Set out exactly every line of the entries below, starting at the line that holds "a room with table and chairs" and stopping after the line that holds "Natural whetstone block".

[Start of section]

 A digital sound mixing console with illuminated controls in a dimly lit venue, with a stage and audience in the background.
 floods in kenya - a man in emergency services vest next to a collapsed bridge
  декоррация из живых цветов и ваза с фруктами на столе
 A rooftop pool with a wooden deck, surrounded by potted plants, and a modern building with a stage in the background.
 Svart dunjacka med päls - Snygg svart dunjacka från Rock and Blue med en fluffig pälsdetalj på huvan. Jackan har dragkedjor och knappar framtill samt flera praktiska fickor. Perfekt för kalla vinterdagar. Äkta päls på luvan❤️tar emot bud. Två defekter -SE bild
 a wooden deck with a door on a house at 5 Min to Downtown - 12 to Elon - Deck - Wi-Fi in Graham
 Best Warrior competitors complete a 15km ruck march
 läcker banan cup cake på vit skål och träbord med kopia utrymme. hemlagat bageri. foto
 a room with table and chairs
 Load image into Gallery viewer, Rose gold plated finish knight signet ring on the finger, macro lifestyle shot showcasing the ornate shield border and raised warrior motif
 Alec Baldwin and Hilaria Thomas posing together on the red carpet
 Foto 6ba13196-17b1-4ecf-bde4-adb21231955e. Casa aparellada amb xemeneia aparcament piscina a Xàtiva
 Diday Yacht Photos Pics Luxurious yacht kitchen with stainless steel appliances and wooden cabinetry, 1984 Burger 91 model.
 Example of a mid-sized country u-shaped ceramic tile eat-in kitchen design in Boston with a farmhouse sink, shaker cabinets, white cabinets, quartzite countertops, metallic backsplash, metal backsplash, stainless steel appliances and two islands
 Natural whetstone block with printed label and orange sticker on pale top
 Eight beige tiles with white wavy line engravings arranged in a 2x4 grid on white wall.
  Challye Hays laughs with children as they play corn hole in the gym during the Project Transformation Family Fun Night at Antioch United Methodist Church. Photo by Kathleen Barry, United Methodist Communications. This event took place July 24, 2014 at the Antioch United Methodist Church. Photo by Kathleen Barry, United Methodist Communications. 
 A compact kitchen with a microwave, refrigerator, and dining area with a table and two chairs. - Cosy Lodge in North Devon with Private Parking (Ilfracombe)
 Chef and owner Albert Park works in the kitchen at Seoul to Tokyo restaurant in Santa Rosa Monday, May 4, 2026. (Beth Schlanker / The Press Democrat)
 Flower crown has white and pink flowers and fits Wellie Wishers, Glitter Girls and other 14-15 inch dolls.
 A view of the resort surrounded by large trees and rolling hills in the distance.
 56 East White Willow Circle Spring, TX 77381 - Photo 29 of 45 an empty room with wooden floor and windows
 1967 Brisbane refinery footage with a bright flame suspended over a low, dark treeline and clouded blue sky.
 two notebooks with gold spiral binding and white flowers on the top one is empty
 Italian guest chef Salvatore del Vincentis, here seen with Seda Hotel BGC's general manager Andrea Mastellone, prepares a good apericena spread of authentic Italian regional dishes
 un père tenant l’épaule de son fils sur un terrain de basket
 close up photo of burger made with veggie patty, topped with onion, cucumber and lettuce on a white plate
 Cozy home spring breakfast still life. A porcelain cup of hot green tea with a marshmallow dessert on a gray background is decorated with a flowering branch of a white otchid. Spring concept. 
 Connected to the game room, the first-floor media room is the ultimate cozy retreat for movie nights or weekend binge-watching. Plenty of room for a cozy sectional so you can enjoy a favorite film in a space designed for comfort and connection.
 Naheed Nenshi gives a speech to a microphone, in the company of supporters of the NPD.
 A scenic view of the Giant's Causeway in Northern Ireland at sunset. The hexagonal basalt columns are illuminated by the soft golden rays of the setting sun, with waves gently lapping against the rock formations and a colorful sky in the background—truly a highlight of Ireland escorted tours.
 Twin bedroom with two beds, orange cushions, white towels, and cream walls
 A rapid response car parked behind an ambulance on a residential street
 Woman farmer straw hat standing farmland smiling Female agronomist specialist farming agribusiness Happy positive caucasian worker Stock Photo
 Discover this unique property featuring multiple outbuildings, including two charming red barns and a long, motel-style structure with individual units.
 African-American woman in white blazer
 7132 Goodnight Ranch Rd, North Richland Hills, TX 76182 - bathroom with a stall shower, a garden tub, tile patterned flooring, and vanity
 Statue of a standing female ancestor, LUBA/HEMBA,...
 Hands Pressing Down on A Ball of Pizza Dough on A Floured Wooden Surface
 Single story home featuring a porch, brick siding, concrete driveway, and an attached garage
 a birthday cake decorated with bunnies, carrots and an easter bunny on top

[End of section]

Response to this exercise →
 a room with table and chairs
 Load image into Gallery viewer, Rose gold plated finish knight signet ring on the finger, macro lifestyle shot showcasing the ornate shield border and raised warrior motif
 Alec Baldwin and Hilaria Thomas posing together on the red carpet
 Foto 6ba13196-17b1-4ecf-bde4-adb21231955e. Casa aparellada amb xemeneia aparcament piscina a Xàtiva
 Diday Yacht Photos Pics Luxurious yacht kitchen with stainless steel appliances and wooden cabinetry, 1984 Burger 91 model.
 Example of a mid-sized country u-shaped ceramic tile eat-in kitchen design in Boston with a farmhouse sink, shaker cabinets, white cabinets, quartzite countertops, metallic backsplash, metal backsplash, stainless steel appliances and two islands
 Natural whetstone block with printed label and orange sticker on pale top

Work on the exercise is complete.